For 17 days this June and July I traveled through northern Europe – first in London, England for business, then in Scotland and Norway for pleasure. The conversations I had in each country had a loud and resounding theme: It’s hot out.
Upon arriving in London on June 22, my extended family welcomed me with affirmation that bright, sunny days come in bursts in England and there might not be sunshine and warmth during my whole stay. Throughout the business trip, colleagues kept apologizing for the heat – “It’s not normally this warm out.” (I had to remind them that I live in Washington DC, where the heat and humidity are oppressive. They gawked at my explanation of stepping out of my air-conditioned home to the outdoors where my sunglasses would immediately fog up.)

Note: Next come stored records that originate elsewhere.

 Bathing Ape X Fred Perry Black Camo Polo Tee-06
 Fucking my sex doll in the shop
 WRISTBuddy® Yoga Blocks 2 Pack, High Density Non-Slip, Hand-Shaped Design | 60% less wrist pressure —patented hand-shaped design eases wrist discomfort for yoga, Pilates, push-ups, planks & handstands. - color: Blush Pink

Every night of my business trip, I went out to local haunts with friends or coworkers and inevitably, weather made its way into the conversation. Weather is one of the easiest ice-breakers for starting a conversation or filling in gaps when you’ve run out of things to say. This wasn’t the case. It felt like the weather was affecting everyone personally, whether they were enjoying time in the sun or ready for a respite of cool temps and cloud cover.

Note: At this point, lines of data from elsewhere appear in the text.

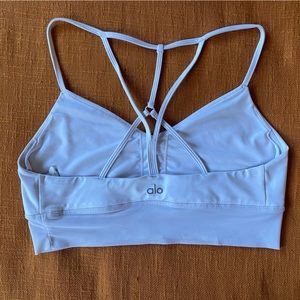 alo yoga white lavish sports bra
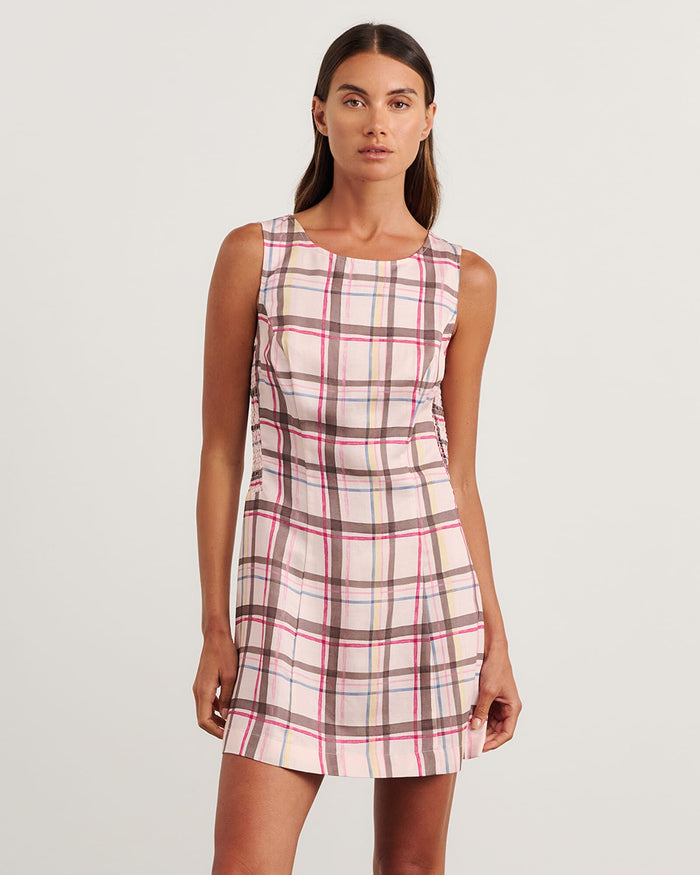 JAG painterly mini dress check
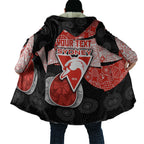 Personalized Sydney Football Cloak Easter Egg Pattern Red White Tribal Dot Art Style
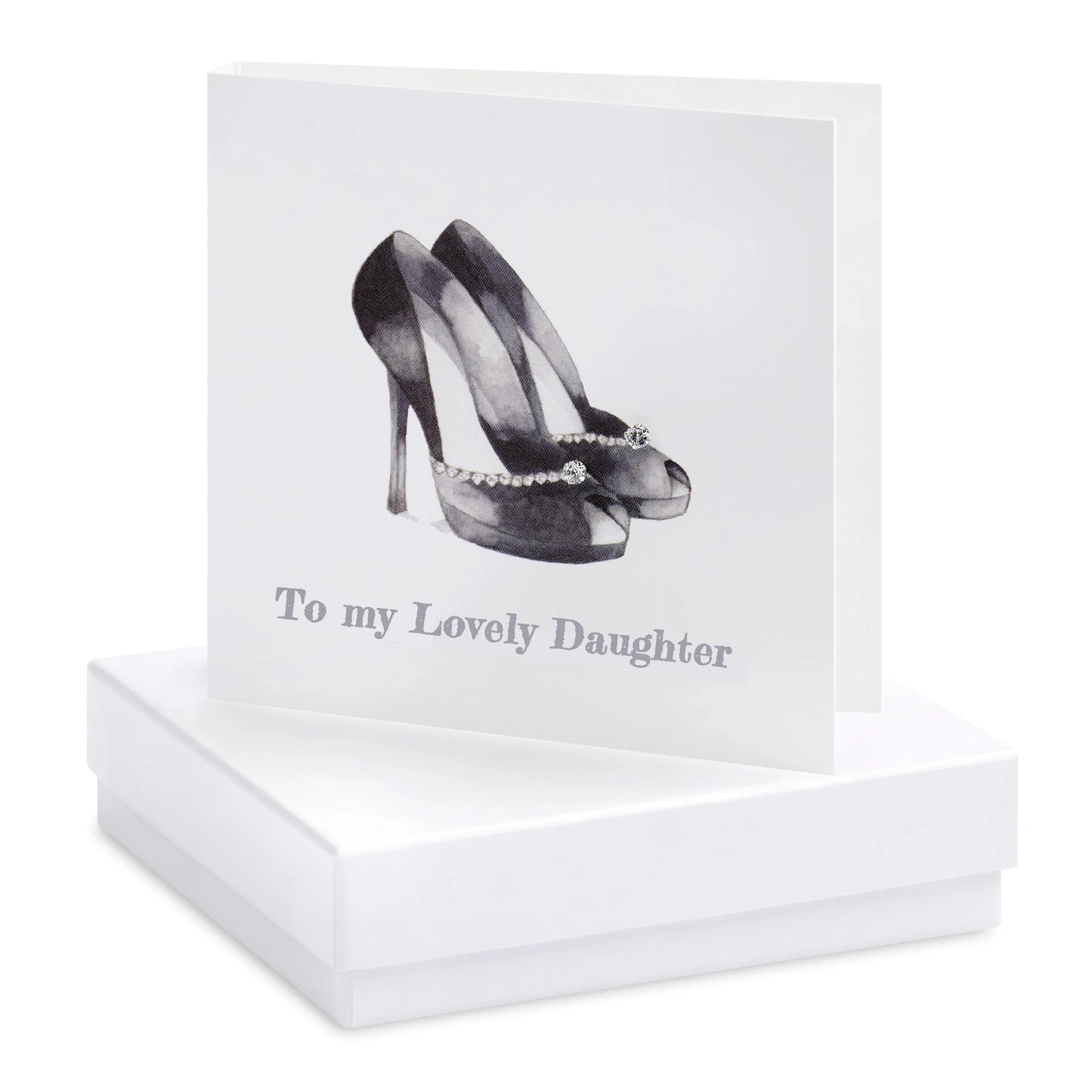 Handcrafted daughter greeting card with high heel shoes illustration and gem embellishment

Parks were peppered with people throughout the city: every square inch of grass was being used by city dwellers so unaccustomed to consistent sun. One colleague noted, “It rains so much and is often so cloudy, you don’t know when you’ll get the next sunny day. Everyone’s taking advantage.”

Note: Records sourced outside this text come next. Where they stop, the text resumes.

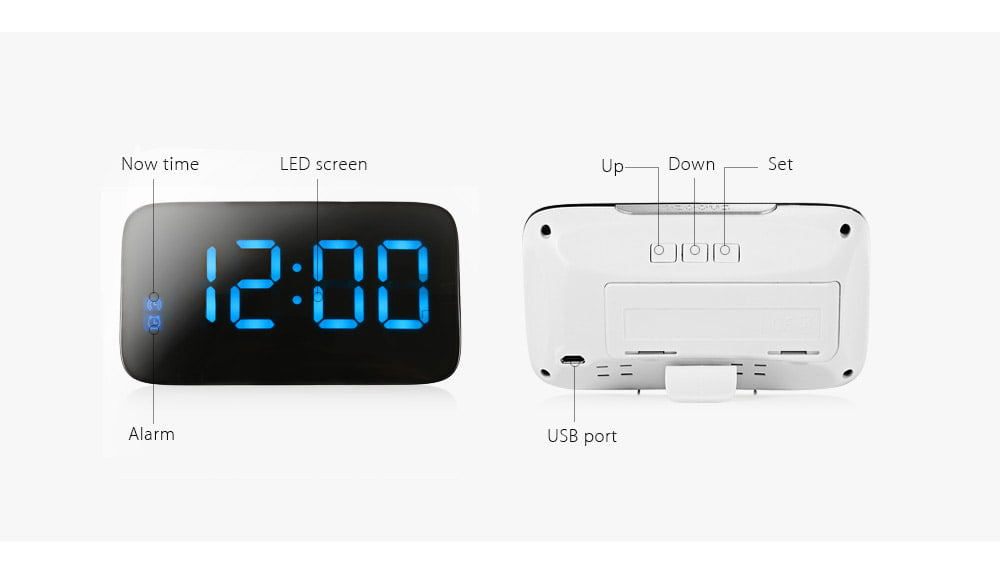 JK-015 LED Digital Alarm Clock Voice Control Time Display USB Power for Beedroom 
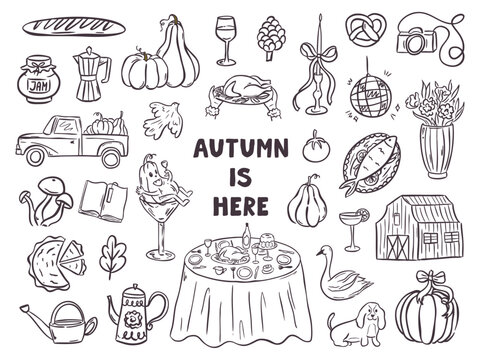 Cute autumn illustration set with hand-drawn icons: pie, acorns, books, mushrooms, and fall leaves. Cozy doodles perfect for stickers, invitations, or harvest themed decor.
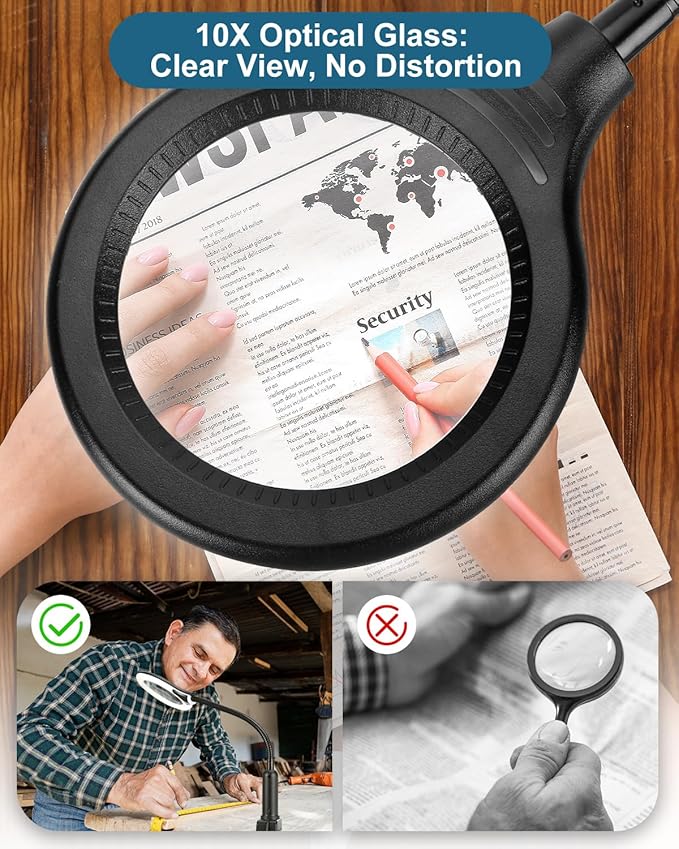 10X Magnifying Glass with Light and Stand, LED 5 Color Modes, Brightness Stepless Dimming Lighted Magnifier Hands Free with Flexible Goose-neck Desk Clamp Lamp for Close Works, Crafts, Hobby, Painting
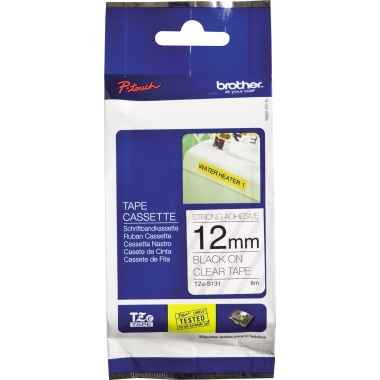 Schriftband Brother TZe-S131 farblos/schwarz 12mm x 8m 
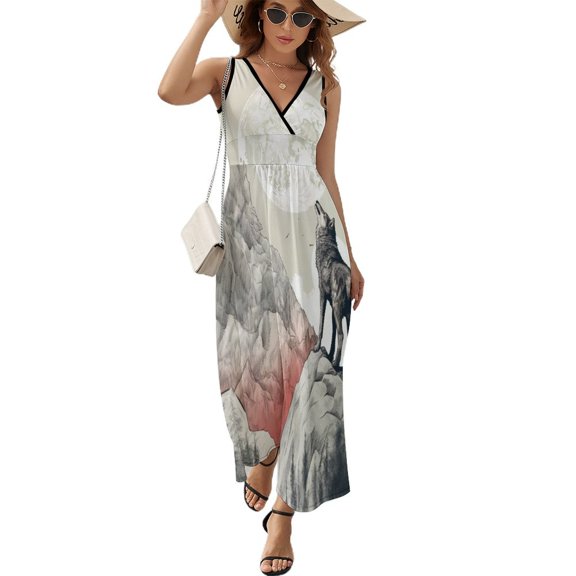 Wolves in The Moonlight Sleeveless Dress Woman Fashion Long Dresses Women's Summer Suit Dress 2025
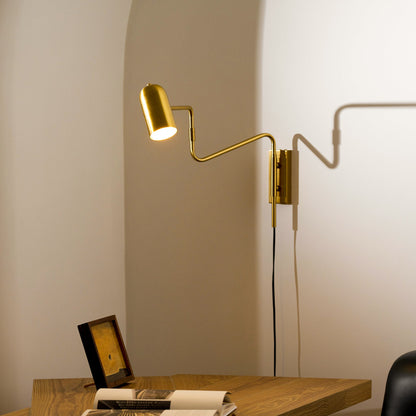 Adjustable Arm Wall Lamp with USB Charging and Dimmable LED Light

In Scotland, it was much of the same. My friends couldn’t get over how “lucky” I was to see Scotland in this way. “This isn’t usual Scotland weather,” my friend Sarah said. We even made a stop to a Tesco to get sun cream before heading out one day otherwise she and her fiancé would “burn to a crisp.”
I traveled north into the Cairgnorms National Park in Scotland, where I saw frequent Fire Warning signs. Camp fires were prohibited because it was so dry and wildfires could spread so easily. Around this time, I became aware of the wildfires ravaging England, officially declared a UK disaster, the heatwave directly to blame. One morning after hiking to the top of a local hill, I encountered three Scotsmen in their 70s. “Beautiful day, huh?” I offered in a bouncy tone, happy to be outside and active. “Yea. Unusual. But can’t complain,” one fella returned dryly. We talked at length about our respective travels, the wildfires, and US politics.
Assuming it would be cooler further north, I set out for Norway, prepared with sweaters and jackets. However, in Oslo, daytime temperature crept into the high 20°s (that’s 85°+ in F). “We Norwegians are not used to this,” my friend Haakon laughed, after telling me there was no air conditioning in the apartment.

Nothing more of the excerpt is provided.